The exact amount of time it will take to paint a room depends on the room’s size, how detailed the paint job must be, and how many coats you want to apply. As you might expect, larger rooms usually take more time, and smaller rooms take less time. Now we will give a breakdown of each part of the painting process and how long it takes.
- Setting Up: 1-2 hours
- Outlining: 1 hour
- Painting: 2-3 hours
- Clea Up: 30-60 minutes
Setting Up: 1 to 2 hours
The first part of painting a room is preparing the room. This includes things like moving furniture away from walls, covering the floor to protect from paint spills, removing fixtures and items hanging on the walls, and covering baseboards and frames with painters tape. Many people think they can just jump in and start painting, but that is a sure-fire way to end up with a bad and rushed paint job.
Depending on how large the room is, initial prep work can take anywhere between 1-2 hours. The most time-consuming part of the process will likely be removing items from the walls and laying down painter's tape.
Outlining: 1 hour
Once you have everything prepped, you can start painting. The first step is to outline the areas that the roller will not reach effectively. This includes areas such as corners, edges, and near sidings. This process should take about an hour and gets easier the more experience you have with painting.
Tips to Make the Outlining Process Go Smoother
- Don’t use a ladder to reach high places. Instead, use a flat platform bench. This will let you get more coverage without having to move around as much.
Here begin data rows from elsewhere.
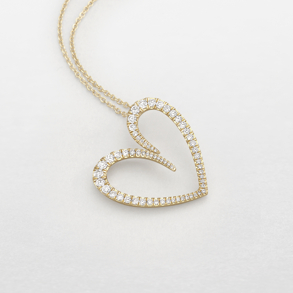 rose gold and diamonds necklace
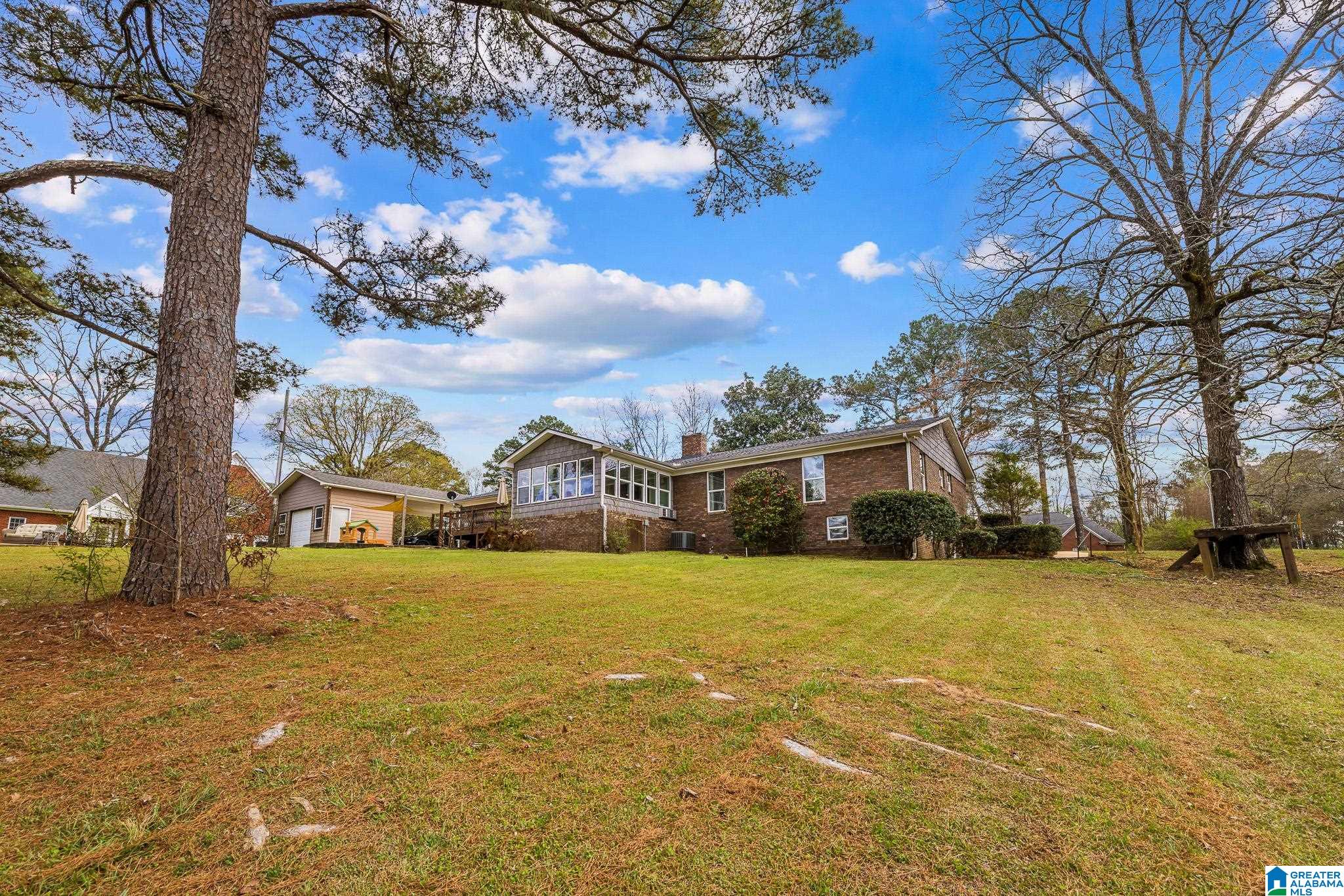 7380 MORRIS LANE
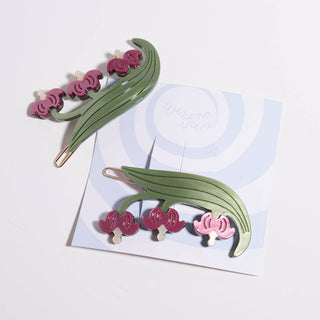 Bleeding Heart Barrette Set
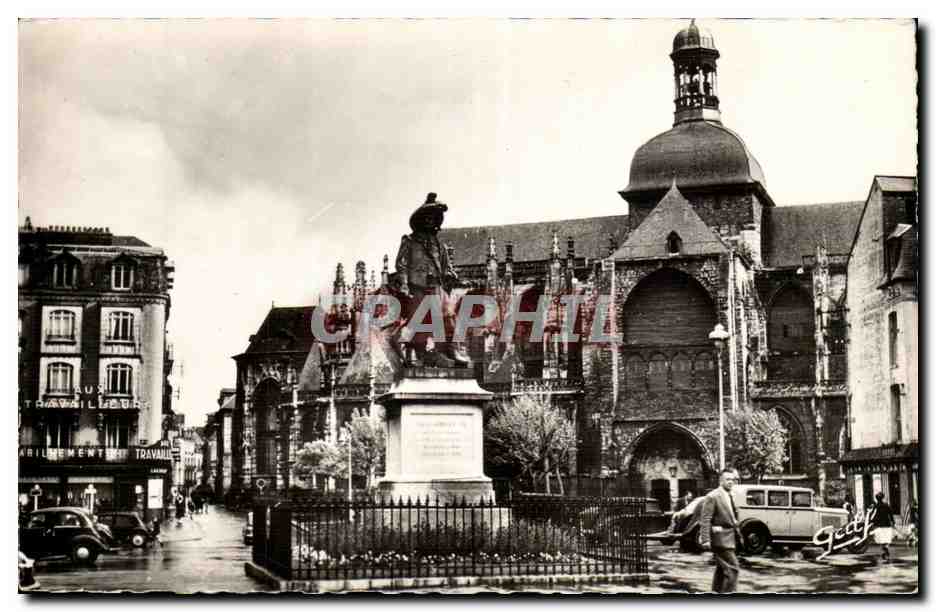 Dieppe - Statue Duquesne et l'Eglise Saint Jacques - CPA 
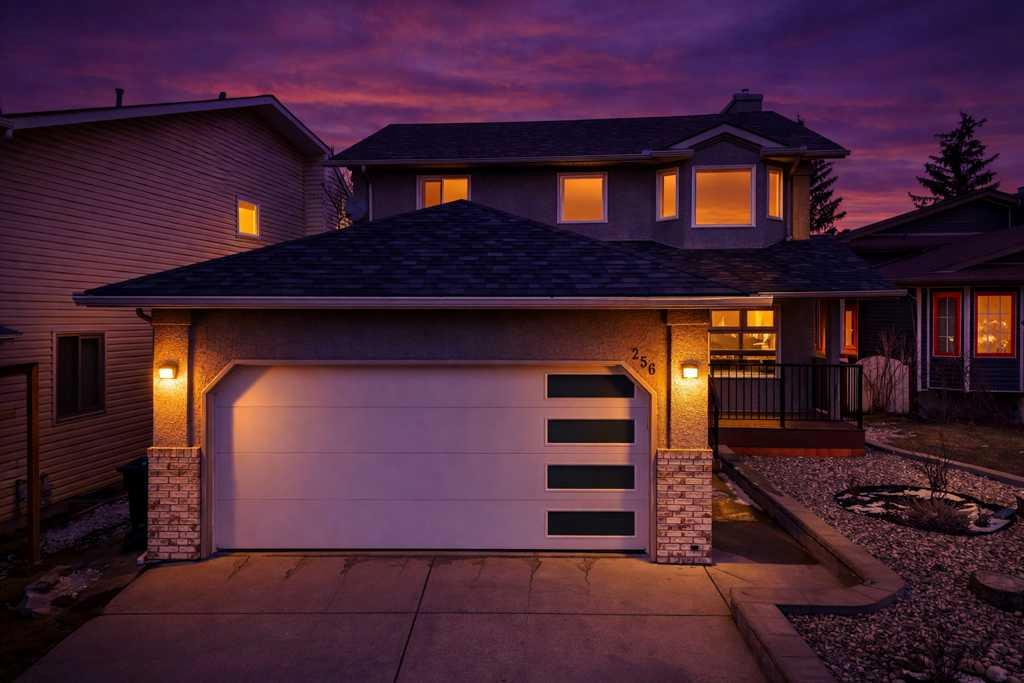 256 Riverside Mews SE, T2C 3Y8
- Try to use a paintbrush with angled bristles. This will make it easier to get into hard-to-reach spaces like between fixtures or in corners.
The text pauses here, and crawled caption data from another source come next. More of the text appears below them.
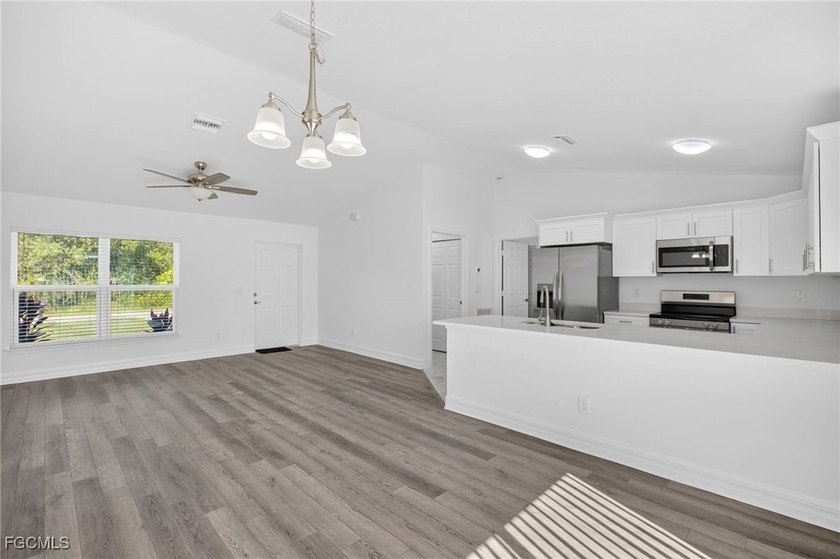READY TO MOVE IN NOW! Brand new construction in fast-growing NW - photo 2
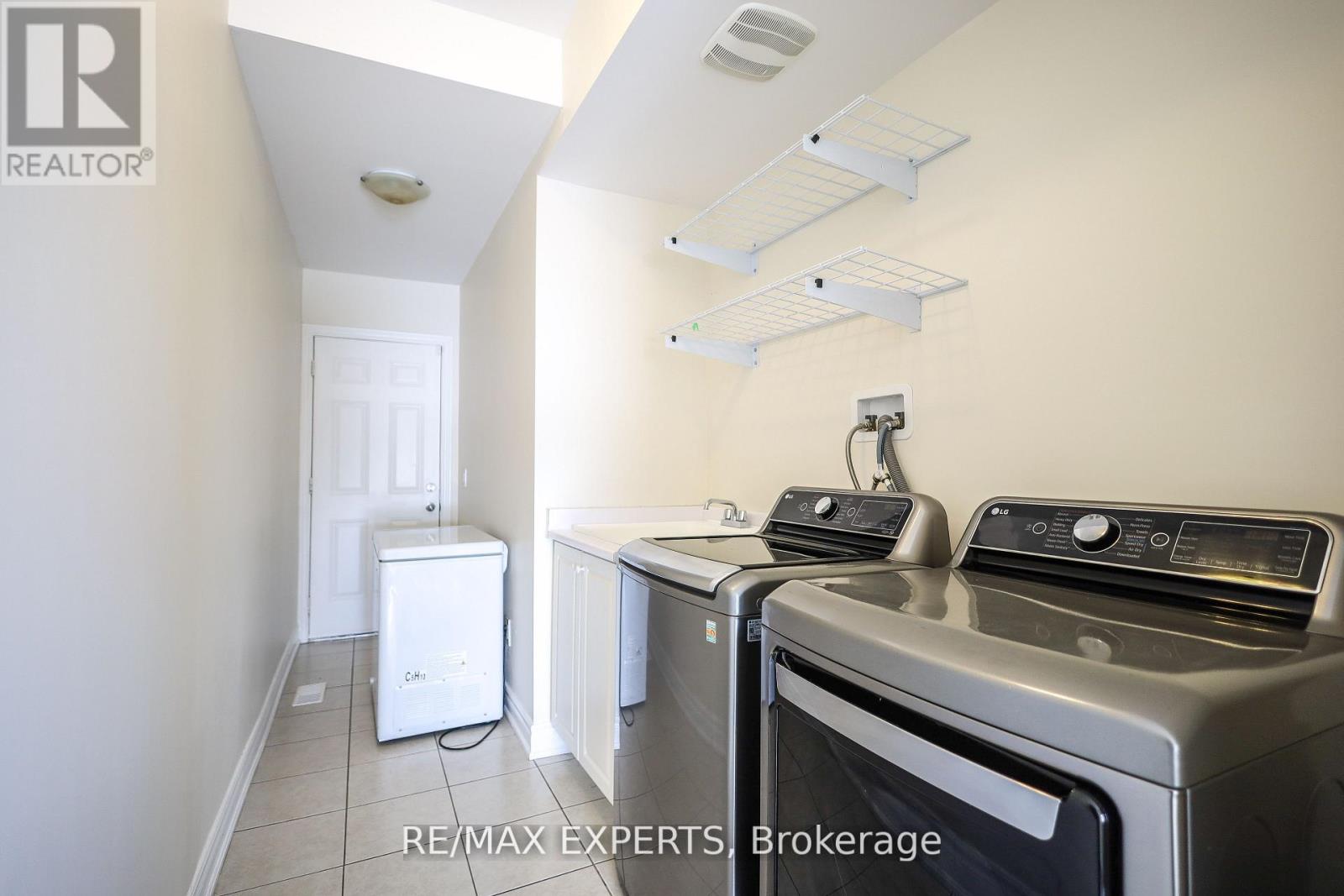 27 Hogan Manor Drive, Brampton, Ontario  L7A 4V3 - Photo 39 - W13753930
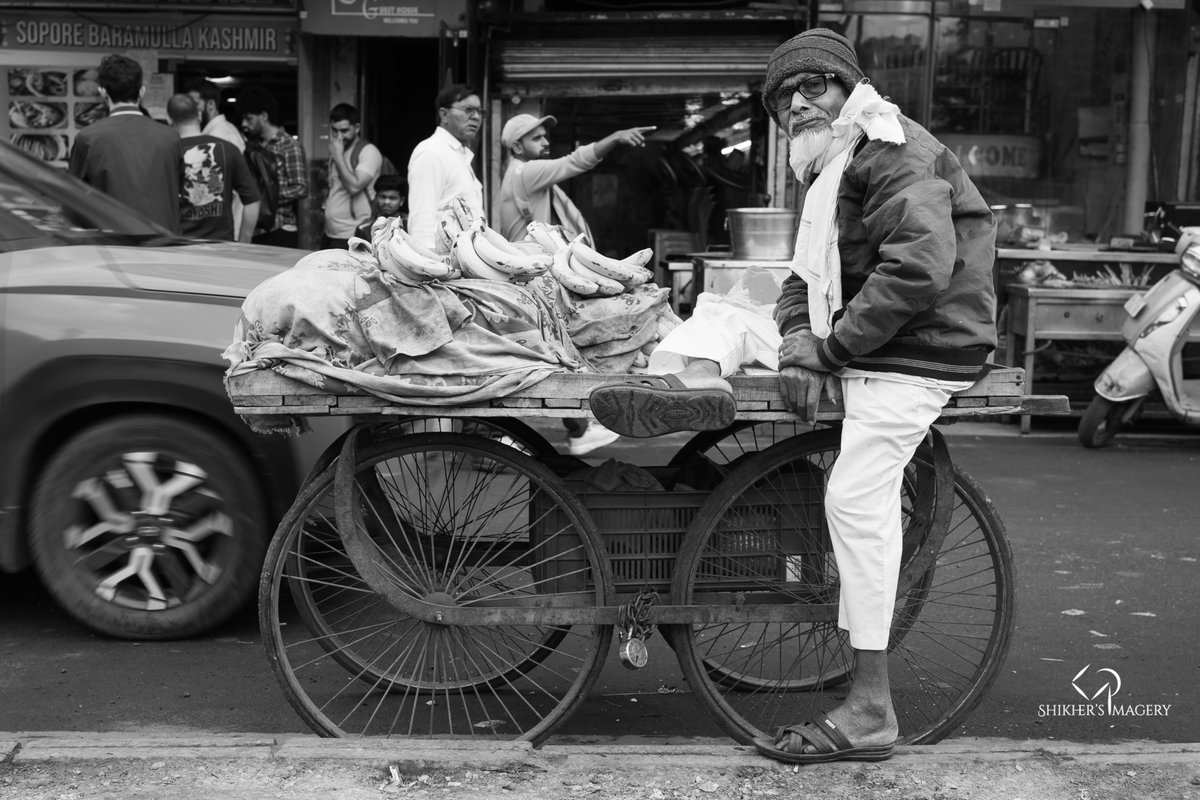 ShikhersImagery's tweet photo. Gotcha

While the photographer is intrigued by people and their surroundings, many times this curiosity is reciprocated by the direct gaze of the person in the frame, wondering what could possibly... Read More https://t.co/p9Wt5TBn5r https://t.co/GU3VBVvEJa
- Use painter’s tape liberally. It can help keep your lines straight, and it does not take too much time to apply.
- Make sure you have a sturdy paint cap with handles. This will allow you to reapply paint without having to go up and down constantly.
Painting: 2 to 3 hours
Now it’s time for the main attraction. Laying down paint on the majority of the walls will take the most time of the process, but it is also the easiest and most straightforward part of the job. Because you are painting large, open spaces, you do not have to worry about precision too much until you get close to baseboards and edges.
If you want the process of painting the room to go even faster, getting a large roller between 14”-18” will help you. You should also consider investing in an extension rod so you can get higher sections of open walls. Having the right equipment can make the process go much more smoothly and significantly reduce the time spent painting.
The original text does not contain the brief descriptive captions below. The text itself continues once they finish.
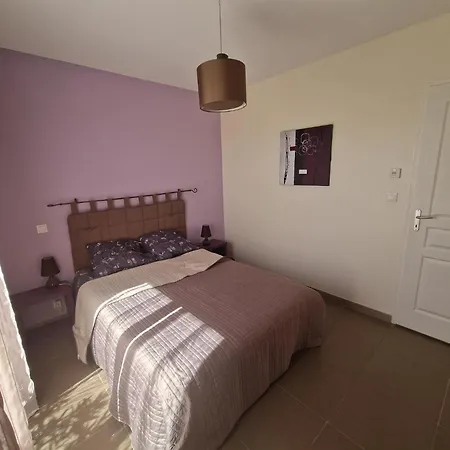 וילה Dison Euzet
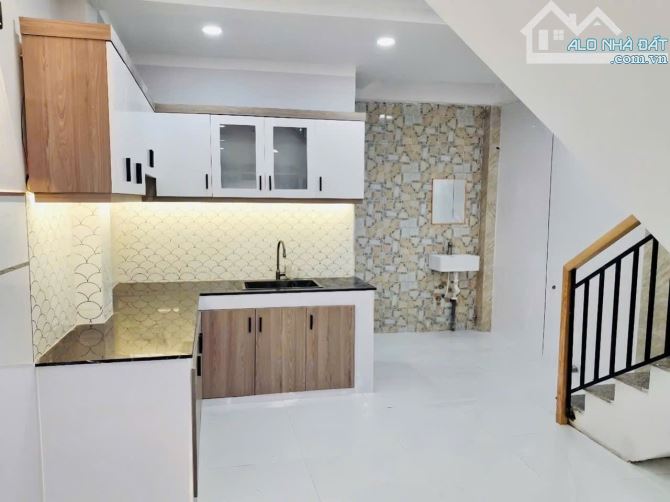 Cực Phẩm MẶT TIỀN Tô Ngọc Vân - Chợ Thủ Đức - Giá chỉ NON 17tỷ! Siêu dòng tiền 42tr/tháng!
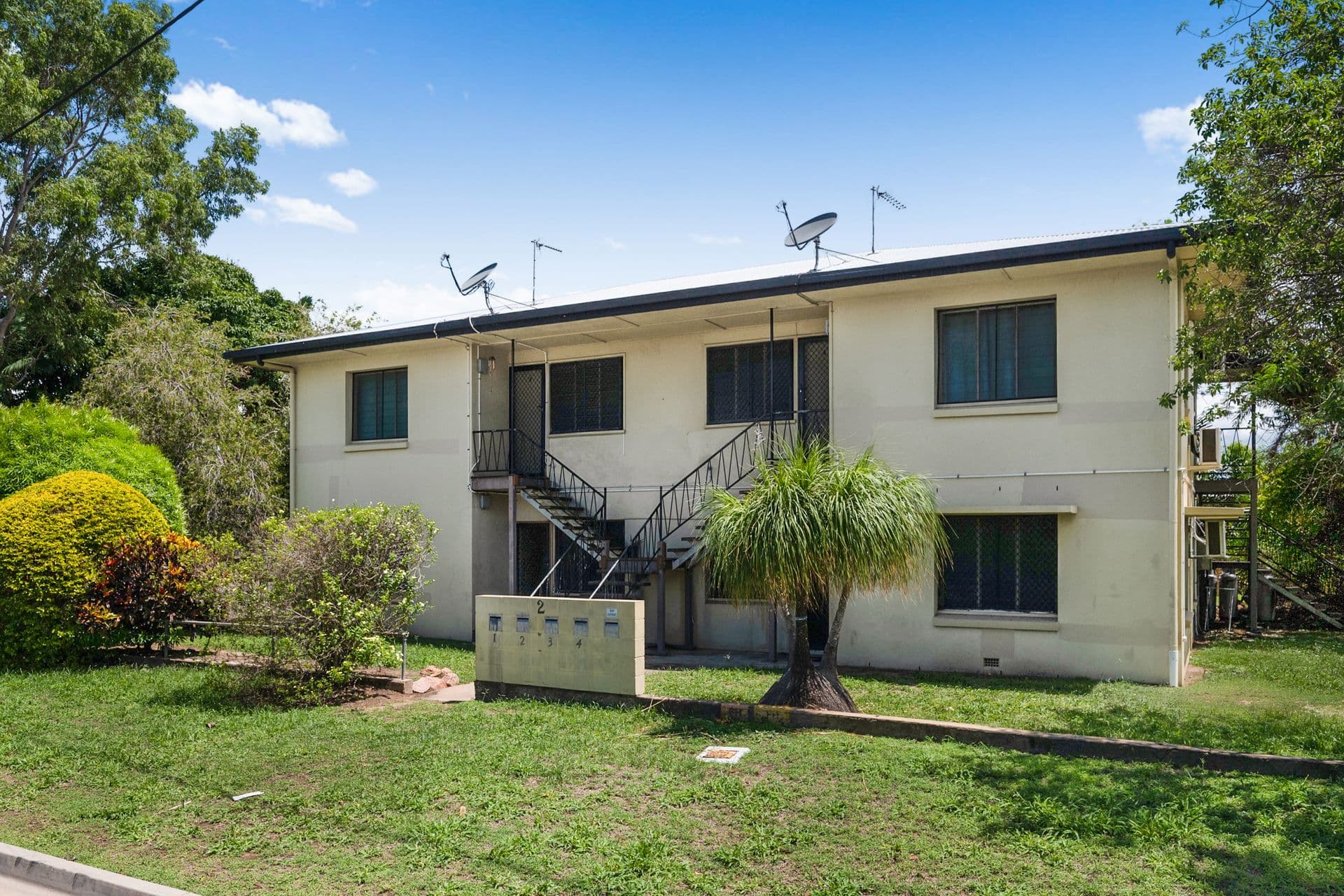 1/2 Haymarket Street, Hyde Park, QLD, 4812, Hyde Park - Image 1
You should try to lay down paint in layers. Start with a solid layer across the entire space, then go over the area again with another coat. This layered approach will ensure that the paint color is even when it dries and that some areas will not appear dull compared to other areas.
Depending on the size of the room, the actual painting process can take anywhere between 2-3 hours. The more you paint, the more experience you will have, and the less time it will take.
Clean Up: 30 to 60 minutes
The last step is the most laid back. Now that you are done painting the room, it’s time to clean up everything. Remove any painter’s tape, clean up any tarps and ground coverings, and seal and store paint cans. You might be tempted to go ahead and put all your things back on the wall, but it’s best to wait about 48 hours for the paint to dry completely before hanging pictures and fixtures back up. Even if the paint feels dry shortly after applying, you should wait as hanging things too early can cause the paint to crack and not dry evenly. Overall, the cleanup process should take no more than an hour, possibly less.
The Whole Room, or Part of it?
If you're only painting a wall or part of a room, you will save a little couple of hours. You will also save a considerable amount of time if you're only painting the walls and trim, and not the ceiling.
Application Method Matters
The most efficient way to paint a room is to use a roller for the walls and ceiling and brushes for corners, edges, and trim. Using a roller will save you time, but you'll still need a brush for its precision in these smaller areas. Another option for fast painting is to use a paint sprayer, but you risk getting paint everywhere, so sprayers aren't great for painting rooms indoors.
How Many Coats?
The number of coats of paint you use will also greatly influence the time it takes to paint a room. If you're just freshening up white walls you can paint a single coat directly over them relatively quickly. If you're changing colors or your walls are in bad shape, you'll want to use primer as it will help make your new coat of paint pop. If you're using primer, you'll need to factor in the drying time, which is typically another 1-2 hours.
If you're painting over very dark walls you might even need a second coat of paint, which will add a significant amount of time to the process. You typically need to wait 4-6 hours between coats of paint.
Painting might seem like it would be a huge slog, but it does not have to be. Painting a room is a relatively simple job and won’t eat up your entire day. If you prepare ahead of time, you can paint a room in 4-6 hours without a professional’s help. Just make sure that you take each step one at a time, so you do not have to end up redoing anything.